Bij Kabinetsmissive van 7 november 2013, no. 13.002291, heeft Uwe Majesteit, op voordracht van de Minister van Binnenlandse Zaken en Koninkrijksrelaties, bij de Afdeling advisering van de Raad van State ter overweging aanhangig gemaakt het voorstel van wet tot wijziging van de Kieswet en de wet van 3 juli 2013 tot wijziging van de Kieswet houdende maatregelen om het eenvoudiger te maken voor Nederlanders in het buitenland om hun stem uit te brengen, wijziging van de wijze van inlevering van de kandidatenlijsten, aanpassing van de datum van kandidaatstelling en stemming, alsmede regeling van andere onderwerpen (Stb. 2013, 289) houdende aanpassing van de regeling met betrekking tot het kiesrecht van niet-Nederlanders bij eilandsraadsverkiezingen, met memorie van toelichting.

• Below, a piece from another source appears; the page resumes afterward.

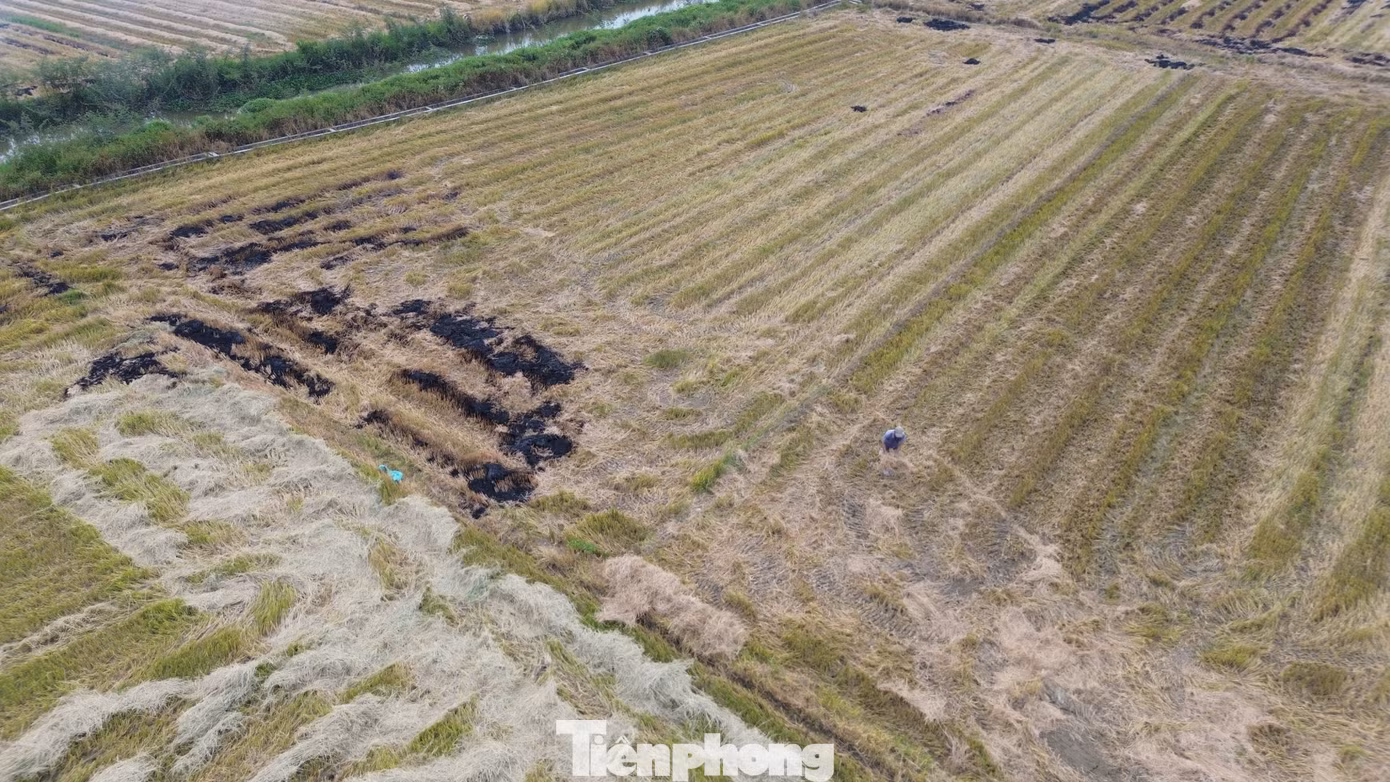 Mới đây, tại phường Hương Chữ (thị xã Hương Trà), chính quyền địa phương đã “mạnh tay” xử phạt vi phạm hành chính đối với 5 hộ dân có hành vi đốt rơm rạ sau thu hoạch gây ô nhiễm môi trường. Mỗi trường hợp đã bị xử phạt mỗi người 2,5 triệu đồng theo quy định về bảo vệ môi trường. Mới đây, tại phường Hương Chữ (thị xã Hương Trà), chính quyền địa phương đã “mạnh tay” xử phạt vi phạm hành chính đối với 5 hộ dân có hành vi đốt rơm rạ sau thu hoạch gây ô nhiễm môi trường. Mỗi trường hợp đã bị xử phạt mỗi người 2,5 triệu đồng theo quy định về bảo vệ môi trường.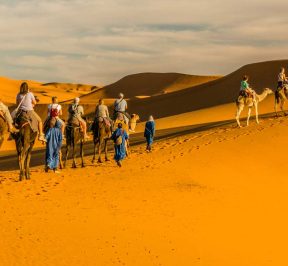 Morocco desert tours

In de wet van 3 juli 2013 tot wijziging van de Kieswet houdende maatregelen om het eenvoudiger te maken voor Nederlanders in het buitenland om hun stem uit te brengen, wijziging van de wijze van inlevering van de kandidatenlijsten, aanpassing van de datum van kandidaatstelling en stemming, alsmede regeling van andere onderwerpen (hierna: de wet) is onder meer geregeld dat niet-Nederlandse ingezetenen van de openbare lichamen Bonaire, Sint Eustatius en Saba het actief en passief kiesrecht krijgen voor de verkiezing van de leden van de eilandsraad. In het voorliggende voorstel wordt het toekennen van het passief kiesrecht voor niet-Nederlandse ingezetenen weer geschrapt. Daarnaast wordt geregeld dat het actief kiesrecht voor deze personen van rechtswege vervalt bij inwerkingtreding van het voorstel tot wijziging van de Grondwet strekkende tot het opnemen van een constitutionele basis voor de openbare lichamen Bonaire, Sint Eustatius en Saba en het regelen van de betrokkenheid van hun algemeen vertegenwoordigende organen bij de verkiezing van de leden van de Eerste Kamer.2
De Afdeling advisering van de Raad van State maakt naar aanleiding van het wetsvoorstel ten eerste opmerkingen over het niet toekennen van het passief kiesrecht. Zij merkt op dat het niet toekennen van passief kiesrecht aan niet-Nederlandse ingezetenen voor de verkiezing van de eilandsraden leidt tot een onderscheid, nu niet-Nederlandse ingezetenen wel passief kiesrecht voor de – vergelijkbare – gemeenteraadsverkiezingen hebben. Zo’n onderscheid kan in strijd zijn met artikel 26 van het Internationaal Verdrag inzake burgerrechten en politieke rechten (IVBPR) en artikel 1, eerste lid, van het Twaalfde Protocol bij het Europees Verdrag tot bescherming van de rechten van de mens en fundamentele vrijheden, indien daarvoor geen rechtvaardiging bestaat. Ditzelfde juridisch kader lag ten grondslag aan de uitspraak in 2011 van het Gemeenschappelijk Hof van Justitie van Aruba, Curaçao, Sint Maarten en van Bonaire, Sint Eustatius en Saba, waarin geoordeeld werd dat het toekennen van (actief) kiesrecht voor de eilandsraadverkiezingen aan uitsluitend Nederlanders een ongerechtvaardigd onderscheid vormt.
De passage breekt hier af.